Dispatch cost is the primary thing JIT compilation eliminates. It's also the primary thing that makes one interpreter design faster than another.
What makes up dispatch cost¶
For a classic big-switch VM:
while (ip < len) {
switch (code[ip].opcode) { // ← dispatch: fetch + branch
case OP_ADD:
... // ← actual work
break;
}
ip++;
}
The dispatch step includes:
- Opcode fetch — load from instruction stream into register.
- Bounds check + loop overhead on the
while. - Switch branch — indirect jump (jump table) or cascaded compare-and-branch (binary search).
- Return to dispatch loop — after the case executes, control
flows back through the
break+ loop header for the next iteration. - Branch predictor pressure. The switch's indirect jump tends to cluster on one target per workload ("sticky branch"), which helps, but type-mixed workloads can thrash the BTB.
How dispatch cost varies by design¶
| Design | Dispatch cost | Notes |
|---|---|---|
| AST interpreter | Very high | Recursive function call per node; register spillage; type dispatch inside each node |
| Big-switch VM (C/C++) | Low | Jump table from compiler; usually near-optimal |
| Big-switch VM (Go) | Medium-high | Switch often compiles to binary-search; see concepts/jump-table-vs-binary-search-dispatch |
| Tail-call interpreter | Very low | musttail makes dispatch a single indirect jump; Python 3.14 reports ~30% improvement |
| Callback-slice interpreter (Go) | Low-medium | One indirect call per opcode; no switch; closure captures state |
| JIT native code | ~zero | Straight-line machine code with no dispatch |
The dispatch-overhead-share threshold¶
The PlanetScale post canonicalises a rule of thumb:
"JIT compilers are important for programming languages where their bytecode operations can be optimized into a very low level of abstraction (e.g. where an 'add' operator only has to perform a native x64 ADD).
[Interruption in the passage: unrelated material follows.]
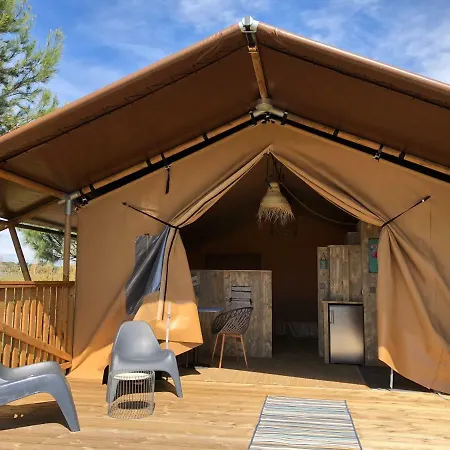 Les Saint Pierre Guest house *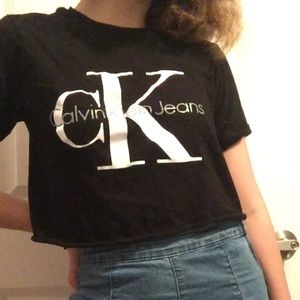 CALVIN KLEIN JEANS CROP TOP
In these cases, the overhead of dispatching instructions becomes so dominant that replacing the VM's loop with a block of JITted code makes a significant performance difference. However, for SQL expressions, and even after our specialization pass, most of the operations remain extremely high level … The overhead of instruction dispatch, as measured in our benchmarks, is less than 20%."
Decision rule:
- Dispatch share >30% of runtime → JIT is justified. The VM can never catch up to native code while dispatch dominates.
- Dispatch share <20% → stay in the VM. JIT adds substantial engineering cost (code generation, relocation, invalidation, security surface, multi-arch) that won't be repaid.
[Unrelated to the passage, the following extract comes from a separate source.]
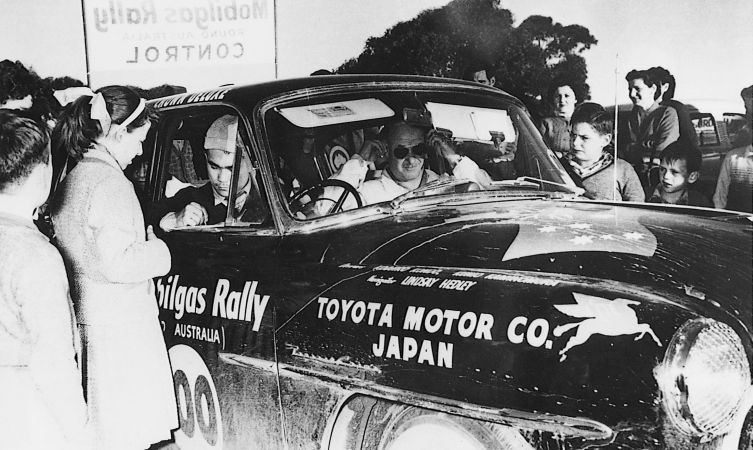 Toyopet Crown Deluxe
How to measure dispatch cost¶
- Build an alternate implementation of a hot opcode that does no work (returns immediately) and measure the slowdown vs a no-op VM loop — that's dispatch cost.
- Use
perf statcounters (branches,branch-misses,iTLB-load-misses) to characterise how well the dispatch loop plays with the CPU frontend. - Compare median bytecode instruction size (in native instructions the interpreter issues per opcode) against the opcode body size.
Consequences on language design¶
- Coarser opcodes amortise dispatch cost. If an opcode does substantial work (e.g. "match a JSON path", "format a decimal"), dispatch is a small tax. If an opcode does trivial work (e.g. "add two 32-bit ints"), dispatch dominates and JIT becomes the only way forward.
- Stack VMs vs register VMs. Register VMs typically have fewer opcodes per program (2x–5x reduction) because each opcode can reach into operand memory directly, amortising dispatch. Most modern JIT-targeting VMs (Dalvik, LuaJIT) are register-based for this reason.
Seen in¶
- sources/2025-04-05-planetscale-faster-interpreters-in-go-catching-up-with-cpp — canonical benchmark of dispatch cost as a share of VM runtime. Vitess's measurement of <20% dispatch share drives the explicit rejection of JIT for SQL expression evaluation.